The museum held a preview party the night of March 13 to give sponsors and certain museum members a first look at the “The William S. Paley Collection: A Taste for Modernism,” which includes works by some of the most recognizable names in European Modernism. The traveling exhibit opened to the public two days later.

“I think you’re really going to like what you see,” Crystal Bridges founder Alice Walton told guests before turning them loose in the gallery.

The once-private collection of broadcast pioneer and CBS network founder Paley boasts eight works by Pablo Picasso and five by Henri Matisse, as well as some by Paul Gauguin, Andre Derain, Paul Cezanne, Edgar Degas and Henri de Toulouse-Lautrec. Most were created between 1880 and 1940 at the height of French Modernism.

Paley supported and was closely involved with the Museum of Modern Art (MoMA) from its early years and left his collection to the New York institution when he died in 1990. His intent was for Mo-MA to share it with museums in other areas of the country and around the world. Crystal Bridges is the exhibition’s last stop before it goes back to MoMA for good.

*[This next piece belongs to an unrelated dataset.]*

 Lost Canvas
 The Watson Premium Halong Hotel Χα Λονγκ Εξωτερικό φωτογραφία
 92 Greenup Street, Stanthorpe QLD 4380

In addition to the sneak preview, guests enjoyed a reception in Crystal Bridges’ Great Hall. Ramona Bronkar Bannayan, senior deputy director of exhibitions and collections at MoMA, and several other reps from the New York museum attended.

The first Modernist artists were Europeans who broke away from the conventions of representational art. They inspired a generation of American Modernist artists, many of whose works are in Crystal Bridges’ permanent collection and are being displayed in an adjacent exhibition called “The European Connection.” The side exhibition includes three works by Alfred Henry Maurer that have never been publicly displayed at the Bentonville museum. Other artists include Stuart Davis, Marsden Hartley, Arthur Dove and Max Weber.